Lines outside the range are not wanted. Give again exactly the lines between the line holding "Outline of a" and the line holding "Embroidery Letter Tot", inclusive, from the listing below.

▶ [Working data]
------

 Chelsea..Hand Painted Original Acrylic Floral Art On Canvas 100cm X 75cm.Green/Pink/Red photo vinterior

------

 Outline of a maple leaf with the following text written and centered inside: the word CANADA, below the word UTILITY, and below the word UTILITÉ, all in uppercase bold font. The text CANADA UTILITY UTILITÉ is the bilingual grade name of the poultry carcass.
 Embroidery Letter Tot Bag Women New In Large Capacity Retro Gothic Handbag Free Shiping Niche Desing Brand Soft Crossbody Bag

------

▶ [Solution for this problem]
 Outline of a maple leaf with the following text written and centered inside: the word CANADA, below the word UTILITY, and below the word UTILITÉ, all in uppercase bold font. The text CANADA UTILITY UTILITÉ is the bilingual grade name of the poultry carcass.
 Embroidery Letter Tot Bag Women New In Large Capacity Retro Gothic Handbag Free Shiping Niche Desing Brand Soft Crossbody Bag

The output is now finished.